Isobel: "I burped at your face!"
Daddy: "You burped IN my face. That's not very nice."
Isobel: "Can I have my kiss now?"
Daddy: "OK." (Leaning in again)
A second burp was delivered to my face in earnest. Followed by more howls of laughter.
Daddy: "Hey now!"
We sat for a time and a burp of my own bubble up and passed through my lips.
Daddy: "Gimme a kiss."
Isobel: "No way!"
Daddy: "What? Why not. You wanted a kiss from me a minute ago."
Isobel: "That was different, I wanted you to smell my burp. You had YOUR burp now. I do not want to get your breath all over me."


I was a peeker of Christmas presents...well maybe more of a weak willed non-peeker. I wanted to have a look, desperately but something would ultimately prevent me from doing so. Likely the thought of my Mother flaying the skin off of my ass with whatever was close enough to hit me with. I remember one year my brother and I actually crossed the line and looked in my parents closet. (It might have been just me but I recall an accomplice) I remember waking up that Christmas morning knowing full well what would be waiting under the tree for me and I remember feeling empty and kind of ripped off because all of the excitement had been let out of this mind blowing experience. I got A Planet of the Apes tree house adventure set and a couple of Big Jim Wolf Pack action figures. I played with them all day and loved them and played with them until the eventually wore out. But for a long time, it gnawed at me that the experience of getting them could have been just that much better if I hadn't known they were coming. I think my brother continued to snoop for many Christmases after that...he could always do it and leave virtually no evidence but for me that was the last time. I liked the surprise more...the getting and the giving of them...still do.

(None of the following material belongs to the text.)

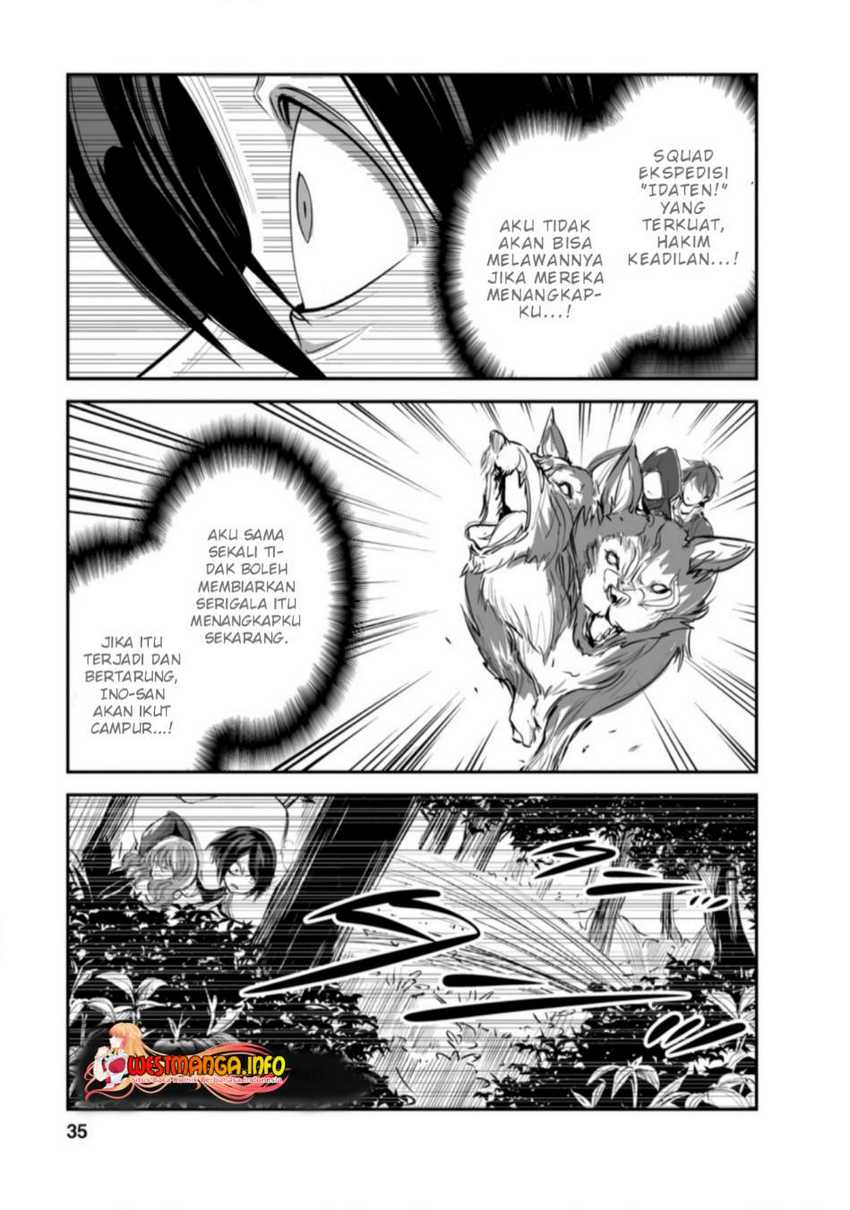 Monster no Goshujin-sama Chapter 47.1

Why the jaunt down memory lane? Apart from the fact that I am hurtling toward middle age and random flashes of mostly insignificant mental pablum are par for the course now, Izzy is fast becoming Daddy's little girl and a budding peeker in her own right. She started coming downstairs while I am on the treadmill again. At first I was chuffed about it. Glad of the company and then I thought about it...She hasn't been downstairs with me since the summer and she hasn't actually been anywhere near me the whole time she is down there. She has put on her usual costumes and picked up her usual props and laid them out in a careful, and in a planned manner but I didn't actually see her playing with anything.
I do remember a conversation with her the other day though.
"Daddy?" she asked.
"Yep?"
"Are you Santa?" she asked, looking a little worried about the response she might get.

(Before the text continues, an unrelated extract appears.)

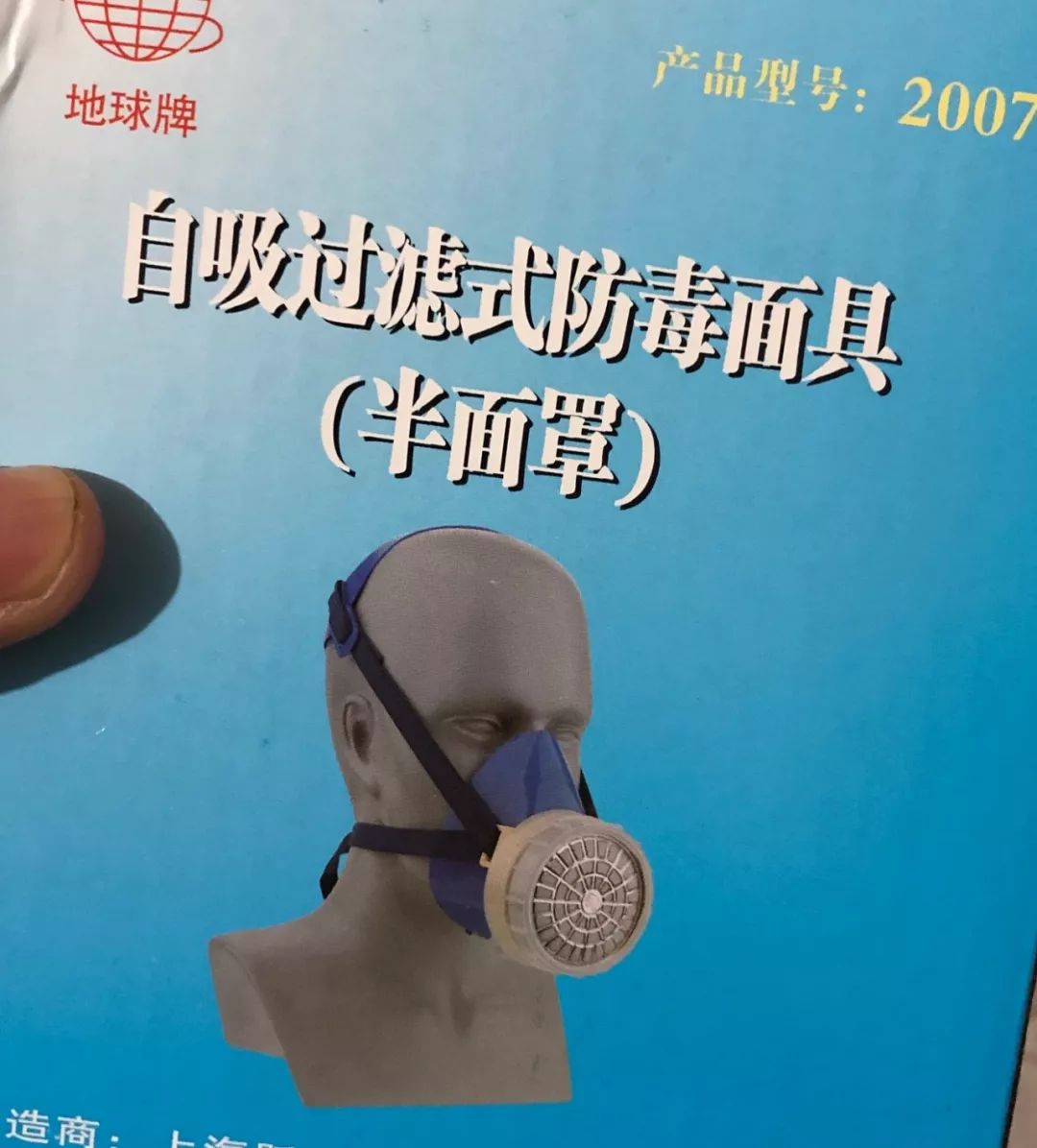 口罩都去哪了视频,口罩去哪了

"Of course not." I said not lying.
"But how come If Santa makes all the toys, I get presents from Santa and you and Mummy?"

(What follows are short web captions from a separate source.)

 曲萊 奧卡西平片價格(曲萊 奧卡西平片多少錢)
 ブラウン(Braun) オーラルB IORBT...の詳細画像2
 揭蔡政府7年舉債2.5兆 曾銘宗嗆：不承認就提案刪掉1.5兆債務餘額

'God-damn," I thought. "If she is throwing out reasoning and logic like that at five, by the time she is a teenager I am completely screwed.'
"Well you see," I began. "Santa makes all the toys in his workshop but he knows that sometimes Mummies and Daddies are just busy."
"Daddy, what does that even mean?" Isobel puzzled.
"That's not what I mean," I sputtered, fumbling for an answer. "What I mean is that sometimes you mention things that you want and Mummy or I see them while we are out and we buy them for you and Santa knows what you want already so he doesn't bring you those things and those are the ones you get from us."
"Is that true?" she asked.
"I don't know," I said. "It feels like the truth."
"Well you're definitely not Santa, are you?" she said a little exasperated.
"Nope." I said, not lying.
Shortly after this exchange she was downstairs with me, pretending to play. With a sudden strange burst of logic, it dawned on me that if she wasn't playing she was doing something else. And since she was only five, it couldn't have been too sinister...I hoped.
I went downstairs after I had put her to bed to see for myself and sure enough, my suspicions were correct. Her costumes and toys were all laid out like the ruse they were intended to be, my old cane, the Mrs. Claus hat and various bags and boxes all strewn about as a series of stumbling blocks and pit falls. And there in the back room, was clear evidence of snoopery. All the Christmas boxes had been ripped open and rifled through. (The fine art of snooping undetected will come with practice...I'm certain her uncle can help with this) I understood the logic she used in going through the boxes that contained the Christmas decorations, Christmas crap...perfect place to hide presents. And if you think of it, what a brilliant place to keep the Chrimbo prizes? Who would look in the empty boxes of decorations for a present? Isobel, that's who. The kid is devious... Dr. Moriarty's illegitimate daughter.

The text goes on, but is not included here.